We determined the growth patterns of patients with pediatric ALL during and after treatment through the conduct of a systematic review and meta-analysis. A search of MEDLINE, Scopus, and Web of Science was performed from its inception through May 2014. Studies met the inclusion criteria if they included at least 10 patients of pediatric ALL, and longitudinally assessed BMI at diagnosis and at least one time point after diagnosis
Twenty-one studies met the inclusion criteria for the systematic review and 16 were included in meta-analysis. The mean increase in BMI z-score during treatment in 1,514 patients with pediatric ALL was 0.81 (95% CI: 0.25-1.38). Specifically, patients experienced substantial weight gain in early treatment (Δ = 0.41, 95% CI: -0.34, 1.17) and again during maintenance (Δ = 0.34, 95% CI:-0.22, 0.90). The mean increase in BMI z-score ranged between 0.52 and 0.89 beyond treatment completion. Subgroup analyses found unhealthy weight gain occurred regardless of patients' receipt of cranial radiation therapy, sex, and, weight status at diagnosis.
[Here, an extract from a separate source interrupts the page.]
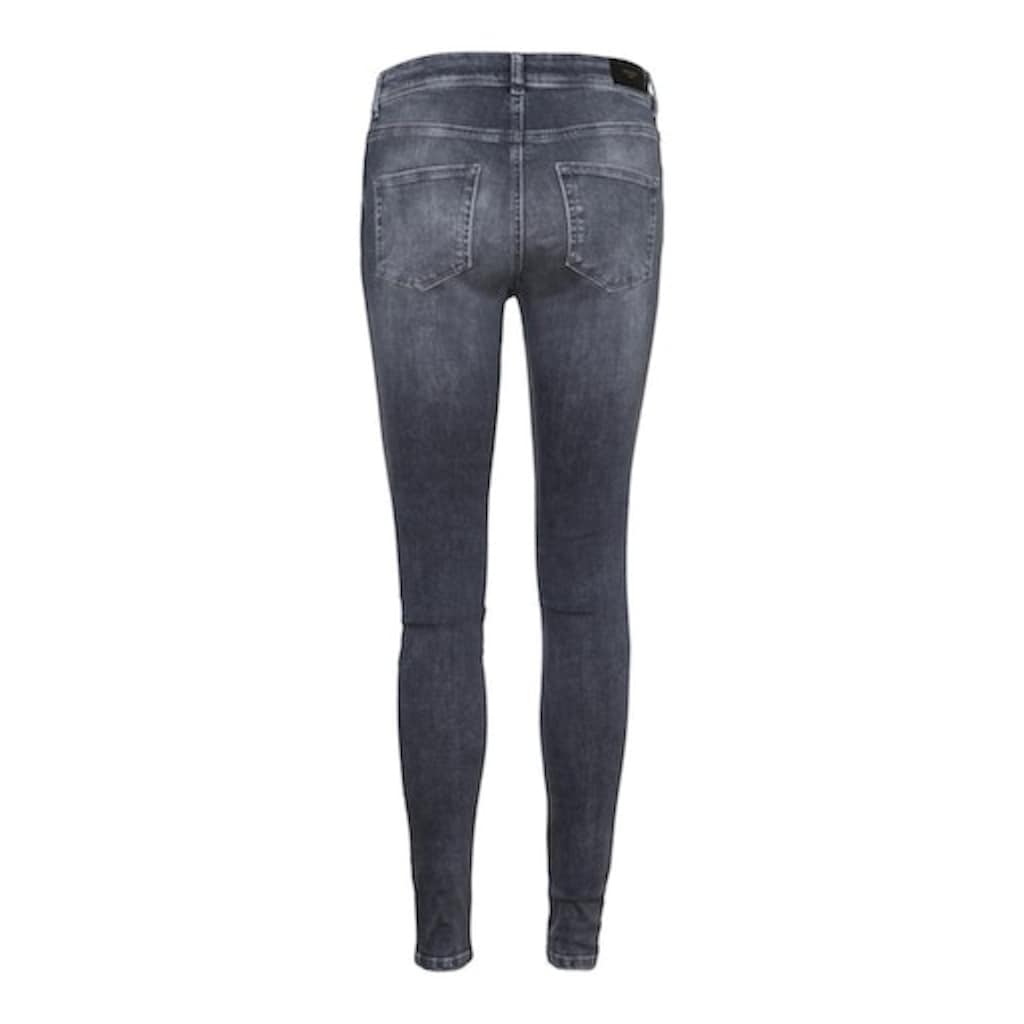 Vero Moda Skinny-fit-Jeans »VMLUX MR SLIM JEANS«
Patients with pediatric ALL experience unhealthy weight gain early in treatment, and increases in weight are maintained beyond treatment completion. Preventing early onset of obesity is a priority for improving the care and outcomes for patients with pediatric ALL.
小儿急性淋巴细胞白血病(ALL)幸存者的体重指数(BMI)显著高于同龄人。了解小儿ALL患者易发生不健康体重增加的关键时期,将为制定适时有效的干预措施奠定基础。
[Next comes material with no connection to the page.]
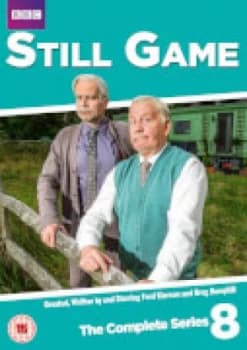 Image of Still Game Series 8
我们通过系统评价和荟萃分析,确定了小儿ALL患者在治疗期间及治疗后的生长模式。检索了MEDLINE、Scopus和Web of Science数据库,检索时间从建库至2014年5月。纳入标准为研究至少纳入10例小儿ALL患者,并在诊断时及诊断后至少一个时间点纵向评估BMI。
21项研究符合系统评价的纳入标准,16项纳入荟萃分析。1514例小儿ALL患者在治疗期间BMI z评分的平均增加为0.81(95%CI:0.25 - 1.38)。具体而言,患者在治疗早期体重显著增加(Δ = 0.41,95%CI: - 0.34,1.17),在维持治疗期间再次出现体重增加(Δ = 0.34,95%CI: - 0.22,0.90)。治疗结束后BMI z评分的平均增加范围在0.52至0.89之间。亚组分析发现,无论患者是否接受颅脑放射治疗、性别以及诊断时的体重状况如何,均会出现不健康的体重增加。
小儿ALL患者在治疗早期即出现不健康的体重增加,且体重增加在治疗结束后仍持续存在。预防肥胖的早期发生是改善小儿ALL患者护理和预后效果的首要任务。